The development of a 2-dimensional model is still at a relatively unrefined level, though once again it is useful for basic design studies.

The edgewise limits of the model are represented by insulated/symmetric boundary conditions and convective heat transfer boundaries are again employed for the internal and external surfaces. Any size or combination of elements and element insulation gaps can be modelled, although the ice layer thickness and surface boundary conditions remain constant for all element and gap sections. A recent refinement has been the inclusion of ice phase change modelling using the equivalent specific heat method. This program has now been validated against other numerical solutions for problems with 1-D symmetry.

Fig 17 shows blade-ice interface temperature distributions, for a small chordwise section of rotor blade, at 2 second intervals from heat on. The case considers the energisation of a single heating element of width 20mm (symmetry has been assumed and hence only half the element is modelled), in which heat is lost by chordwise conduction into a 10mm width of unheated section. An

insulated boundary condition is applied to the right hand edge of the section, which approximates to a free conducting boundary, for this case, since the heater has a negligible effect on the structure temperatures in this region.
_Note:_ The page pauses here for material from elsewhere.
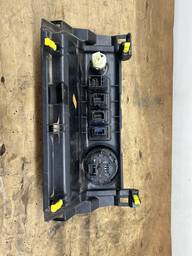 PAINEL CONTROLE TRAÇAO HILUX SW4 2016 Á 2023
At the end of the 10 second heating period only 70% of the heater width has achieved melting, indicating the significant heat sink an adjacent area poses. The temperatures above the centreline area of the heater are also sufficiently uniform for a 1-D model approximation to be made.

Future refinements will include a more accurate, moving interface phase change routine which will use conformal transformation techniques to model more realistically shaped ice layers having non-uniform thickness. The modelling of the heat transfer from the iced surface will also be improved using the heat balance approach.

At present only isotropic properties are modelled. For composites, particularily those with carbon fibre, it will be necessary to allow for anisotropic thermal conductivity.

Future work will be aimed at validating the model by comparing predictions with both icing tunnel and flight results. Experience so far suggests that the accuracy of the model is limited not so much by the mathematics as by the

quality of the input data. It is essential, though sometimes difficult, to have accurate values for layer thicknesses and material thermal properties.

3.4 Applications and limitations

The main limitation with both models, which restricts their use to design exercises at present, is the fact that the ice shedding criteria from a rotor in flight are not well known. It is unlikely that melting over the complete

blade-ice interface is necessary to achieve shedding in practice, since the aerodynamic and dynamic loading on the ice is likely to assist the process. A 1-D model is unlikely to ever model the ice shedding process accurately,

although empirical criteria, based on either surface temperature or water layer thickness, may give a conservative approximation.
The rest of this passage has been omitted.